Go through the records and give each one again exactly.
____ Data to use
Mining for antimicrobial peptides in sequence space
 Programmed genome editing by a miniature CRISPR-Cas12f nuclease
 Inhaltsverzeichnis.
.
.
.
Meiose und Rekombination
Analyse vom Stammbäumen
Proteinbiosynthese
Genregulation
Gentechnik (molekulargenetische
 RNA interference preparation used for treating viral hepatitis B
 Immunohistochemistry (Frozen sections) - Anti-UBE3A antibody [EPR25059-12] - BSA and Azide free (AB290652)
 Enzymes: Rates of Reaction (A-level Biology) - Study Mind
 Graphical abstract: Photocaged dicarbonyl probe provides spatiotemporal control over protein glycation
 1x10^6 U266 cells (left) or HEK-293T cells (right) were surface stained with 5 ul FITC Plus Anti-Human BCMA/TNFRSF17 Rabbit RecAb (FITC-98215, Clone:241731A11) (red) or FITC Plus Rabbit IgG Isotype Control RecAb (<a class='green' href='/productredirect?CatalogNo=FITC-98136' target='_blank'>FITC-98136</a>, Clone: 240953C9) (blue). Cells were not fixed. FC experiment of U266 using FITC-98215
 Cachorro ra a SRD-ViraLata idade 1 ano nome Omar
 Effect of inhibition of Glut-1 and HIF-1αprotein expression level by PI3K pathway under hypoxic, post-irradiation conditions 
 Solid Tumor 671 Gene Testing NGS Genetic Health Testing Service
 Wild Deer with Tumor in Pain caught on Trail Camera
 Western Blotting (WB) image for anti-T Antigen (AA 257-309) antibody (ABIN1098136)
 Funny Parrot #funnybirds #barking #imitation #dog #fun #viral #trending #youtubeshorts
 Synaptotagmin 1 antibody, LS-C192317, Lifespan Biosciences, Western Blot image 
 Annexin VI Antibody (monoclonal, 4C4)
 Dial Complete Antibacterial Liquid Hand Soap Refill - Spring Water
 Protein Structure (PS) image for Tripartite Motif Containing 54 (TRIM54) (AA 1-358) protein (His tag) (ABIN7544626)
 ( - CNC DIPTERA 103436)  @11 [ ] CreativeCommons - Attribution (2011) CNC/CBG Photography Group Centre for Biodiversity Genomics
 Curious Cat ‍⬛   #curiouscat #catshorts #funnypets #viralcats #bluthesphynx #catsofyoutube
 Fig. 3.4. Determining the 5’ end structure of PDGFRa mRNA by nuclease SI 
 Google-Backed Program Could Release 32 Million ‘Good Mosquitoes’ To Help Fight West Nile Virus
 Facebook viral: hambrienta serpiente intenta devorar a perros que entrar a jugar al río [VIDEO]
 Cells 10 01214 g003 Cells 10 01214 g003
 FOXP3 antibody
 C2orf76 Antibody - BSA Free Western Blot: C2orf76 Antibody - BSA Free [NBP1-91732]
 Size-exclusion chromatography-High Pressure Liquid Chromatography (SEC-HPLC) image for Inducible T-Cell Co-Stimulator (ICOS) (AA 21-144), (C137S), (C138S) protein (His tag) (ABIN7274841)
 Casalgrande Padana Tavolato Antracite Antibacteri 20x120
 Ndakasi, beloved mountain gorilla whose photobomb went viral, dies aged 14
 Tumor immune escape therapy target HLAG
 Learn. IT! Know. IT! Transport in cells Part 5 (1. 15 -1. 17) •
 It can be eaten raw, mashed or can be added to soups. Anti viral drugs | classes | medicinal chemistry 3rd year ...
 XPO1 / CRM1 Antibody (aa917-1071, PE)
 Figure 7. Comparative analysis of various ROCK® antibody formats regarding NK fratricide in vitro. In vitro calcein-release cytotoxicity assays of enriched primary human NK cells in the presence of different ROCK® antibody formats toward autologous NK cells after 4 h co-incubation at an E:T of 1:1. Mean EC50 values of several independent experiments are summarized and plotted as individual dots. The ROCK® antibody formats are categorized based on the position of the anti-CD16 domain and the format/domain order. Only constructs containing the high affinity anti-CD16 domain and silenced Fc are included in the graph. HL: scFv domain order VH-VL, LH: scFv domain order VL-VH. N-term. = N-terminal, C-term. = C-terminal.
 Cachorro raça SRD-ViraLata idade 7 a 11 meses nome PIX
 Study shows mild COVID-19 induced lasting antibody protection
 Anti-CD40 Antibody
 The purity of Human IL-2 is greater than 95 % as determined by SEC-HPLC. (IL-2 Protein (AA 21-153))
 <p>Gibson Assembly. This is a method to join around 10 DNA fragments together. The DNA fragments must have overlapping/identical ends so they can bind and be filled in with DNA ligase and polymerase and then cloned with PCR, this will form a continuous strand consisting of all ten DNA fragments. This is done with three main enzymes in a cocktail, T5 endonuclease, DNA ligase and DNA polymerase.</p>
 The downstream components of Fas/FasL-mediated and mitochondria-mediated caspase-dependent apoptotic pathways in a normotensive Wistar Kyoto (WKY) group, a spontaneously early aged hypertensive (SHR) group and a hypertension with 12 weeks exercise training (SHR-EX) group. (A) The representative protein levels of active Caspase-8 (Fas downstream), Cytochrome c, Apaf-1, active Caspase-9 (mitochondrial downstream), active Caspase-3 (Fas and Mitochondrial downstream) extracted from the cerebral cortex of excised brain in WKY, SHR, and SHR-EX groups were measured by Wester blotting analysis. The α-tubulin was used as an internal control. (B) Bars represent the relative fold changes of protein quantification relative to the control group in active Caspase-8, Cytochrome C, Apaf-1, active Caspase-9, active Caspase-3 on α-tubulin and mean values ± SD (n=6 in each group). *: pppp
________
Answer space ->
Mining for antimicrobial peptides in sequence space
 Programmed genome editing by a miniature CRISPR-Cas12f nuclease
 Inhaltsverzeichnis.
.
.
.
Meiose und Rekombination
Analyse vom Stammbäumen
Proteinbiosynthese
Genregulation
Gentechnik (molekulargenetische
 RNA interference preparation used for treating viral hepatitis B
 Immunohistochemistry (Frozen sections) - Anti-UBE3A antibody [EPR25059-12] - BSA and Azide free (AB290652)
 Enzymes: Rates of Reaction (A-level Biology) - Study Mind
 Graphical abstract: Photocaged dicarbonyl probe provides spatiotemporal control over protein glycation
 1x10^6 U266 cells (left) or HEK-293T cells (right) were surface stained with 5 ul FITC Plus Anti-Human BCMA/TNFRSF17 Rabbit RecAb (FITC-98215, Clone:241731A11) (red) or FITC Plus Rabbit IgG Isotype Control RecAb (<a class='green' href='/productredirect?CatalogNo=FITC-98136' target='_blank'>FITC-98136</a>, Clone: 240953C9) (blue). Cells were not fixed. FC experiment of U266 using FITC-98215
 Cachorro ra a SRD-ViraLata idade 1 ano nome Omar
 Effect of inhibition of Glut-1 and HIF-1αprotein expression level by PI3K pathway under hypoxic, post-irradiation conditions 
 Solid Tumor 671 Gene Testing NGS Genetic Health Testing Service
 Wild Deer with Tumor in Pain caught on Trail Camera
 Western Blotting (WB) image for anti-T Antigen (AA 257-309) antibody (ABIN1098136)
 Funny Parrot #funnybirds #barking #imitation #dog #fun #viral #trending #youtubeshorts
 Synaptotagmin 1 antibody, LS-C192317, Lifespan Biosciences, Western Blot image 
 Annexin VI Antibody (monoclonal, 4C4)
 Dial Complete Antibacterial Liquid Hand Soap Refill - Spring Water
 Protein Structure (PS) image for Tripartite Motif Containing 54 (TRIM54) (AA 1-358) protein (His tag) (ABIN7544626)
 ( - CNC DIPTERA 103436)  @11 [ ] CreativeCommons - Attribution (2011) CNC/CBG Photography Group Centre for Biodiversity Genomics
 Curious Cat ‍⬛   #curiouscat #catshorts #funnypets #viralcats #bluthesphynx #catsofyoutube
 Fig. 3.4. Determining the 5’ end structure of PDGFRa mRNA by nuclease SI 
 Google-Backed Program Could Release 32 Million ‘Good Mosquitoes’ To Help Fight West Nile Virus
 Facebook viral: hambrienta serpiente intenta devorar a perros que entrar a jugar al río [VIDEO]
 Cells 10 01214 g003 Cells 10 01214 g003
 FOXP3 antibody
 C2orf76 Antibody - BSA Free Western Blot: C2orf76 Antibody - BSA Free [NBP1-91732]
 Size-exclusion chromatography-High Pressure Liquid Chromatography (SEC-HPLC) image for Inducible T-Cell Co-Stimulator (ICOS) (AA 21-144), (C137S), (C138S) protein (His tag) (ABIN7274841)
 Casalgrande Padana Tavolato Antracite Antibacteri 20x120
 Ndakasi, beloved mountain gorilla whose photobomb went viral, dies aged 14
 Tumor immune escape therapy target HLAG
 Learn. IT! Know. IT! Transport in cells Part 5 (1. 15 -1. 17) •
 It can be eaten raw, mashed or can be added to soups. Anti viral drugs | classes | medicinal chemistry 3rd year ...
 XPO1 / CRM1 Antibody (aa917-1071, PE)
 Figure 7. Comparative analysis of various ROCK® antibody formats regarding NK fratricide in vitro. In vitro calcein-release cytotoxicity assays of enriched primary human NK cells in the presence of different ROCK® antibody formats toward autologous NK cells after 4 h co-incubation at an E:T of 1:1. Mean EC50 values of several independent experiments are summarized and plotted as individual dots. The ROCK® antibody formats are categorized based on the position of the anti-CD16 domain and the format/domain order. Only constructs containing the high affinity anti-CD16 domain and silenced Fc are included in the graph. HL: scFv domain order VH-VL, LH: scFv domain order VL-VH. N-term. = N-terminal, C-term. = C-terminal.
 Cachorro raça SRD-ViraLata idade 7 a 11 meses nome PIX
 Study shows mild COVID-19 induced lasting antibody protection
 Anti-CD40 Antibody
 The purity of Human IL-2 is greater than 95 % as determined by SEC-HPLC. (IL-2 Protein (AA 21-153))
 <p>Gibson Assembly. This is a method to join around 10 DNA fragments together. The DNA fragments must have overlapping/identical ends so they can bind and be filled in with DNA ligase and polymerase and then cloned with PCR, this will form a continuous strand consisting of all ten DNA fragments. This is done with three main enzymes in a cocktail, T5 endonuclease, DNA ligase and DNA polymerase.</p>
 The downstream components of Fas/FasL-mediated and mitochondria-mediated caspase-dependent apoptotic pathways in a normotensive Wistar Kyoto (WKY) group, a spontaneously early aged hypertensive (SHR) group and a hypertension with 12 weeks exercise training (SHR-EX) group. (A) The representative protein levels of active Caspase-8 (Fas downstream), Cytochrome c, Apaf-1, active Caspase-9 (mitochondrial downstream), active Caspase-3 (Fas and Mitochondrial downstream) extracted from the cerebral cortex of excised brain in WKY, SHR, and SHR-EX groups were measured by Wester blotting analysis. The α-tubulin was used as an internal control. (B) Bars represent the relative fold changes of protein quantification relative to the control group in active Caspase-8, Cytochrome C, Apaf-1, active Caspase-9, active Caspase-3 on α-tubulin and mean values ± SD (n=6 in each group). *: pppp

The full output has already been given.